The past weekend, along with some of my family, I went to "Diana, A Celebration" at Union Station in Kansas City. I am the first to admit I am not a fashionista and my interest was more historical, I suppose.
Naturally, on a weekend, there was quite a few other people wanting to see the exhibit as well. Initially, we had to stand in line a bit but once we got passed the first couple of rooms, the structured lines evaporated and I could move about the exhibit.
There were men and women of all ages that were in the exhibit when we visited. The exhibit is located in what I would call the basement of the station. The mood of the exhibit is set through the lighting, colors of the walls and the quotes that were placed throughout the exhibit.
The Spencer family history about the woman in the family at the beginning proved an apt introduction to the exhibit. The displays of the painting and the jewels were interesting.
In the room which housed the mementos of the girl, who would become one of the most photographed women in the world, illustrated to me that she was a human being first. Perhaps a bit fragile but strong willed individual all the same.
What was cool was THE wedding dress. It was displayed behind glass along with one of the bridesmaids dresses. There were pictures that were flashing on the screen and displayed of the big day. There were pictures her father had taken around London of the wedding preparation. You would walk around the display and take a look at how really, really, really, long that train was. There was almost a sadness in the room as well, as everyone knew the young woman who wore the dress did not live happily ever after.
There were photos displays of her funeral.
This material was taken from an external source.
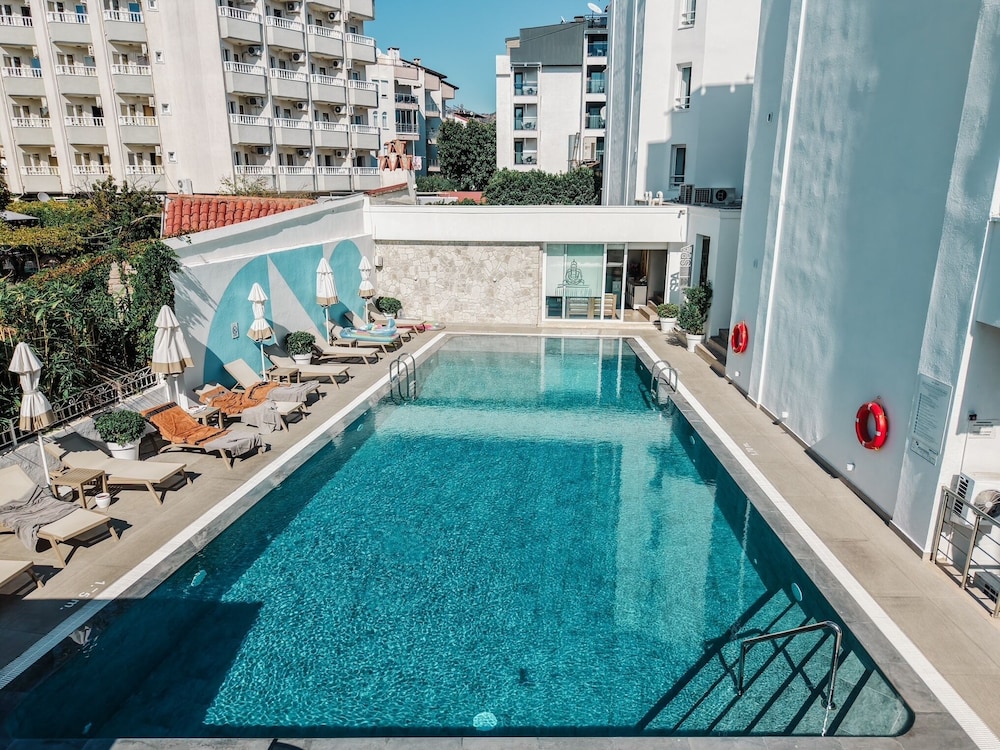 The Beachfront Hotel - Adults Only +16 47/49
Along one wall was the eulogy her brother gave at the funeral.
There were condolence books that had come from around the world as people paid their respects. The heartbreaker there was the school children and the picture and words they wrote in remembrance.
Then there were the dresses. I am not a dress girl but it was evident that Princess Diana loved her dresses. She was lucky enough to have custom made gowns by a variety of world renown designers. A comment or two was about picking clothing "off the peg" were mentioned in some of the displays. That element is endearing because it illustrating again that even though she could have had custom made everything, she shopped like us common folk on occasion.
There were highlights of all her charity work as the exhibit ended and that is the legacy which endures beyond the tragic accident that claimed her life.
Thankfully some of my family was able to share in the visit to the exhibit. We all took away our own reflections and memories. Mine seem to be somber. For me, it wasn't as much about the material things in the display as it was the human being that had owned them.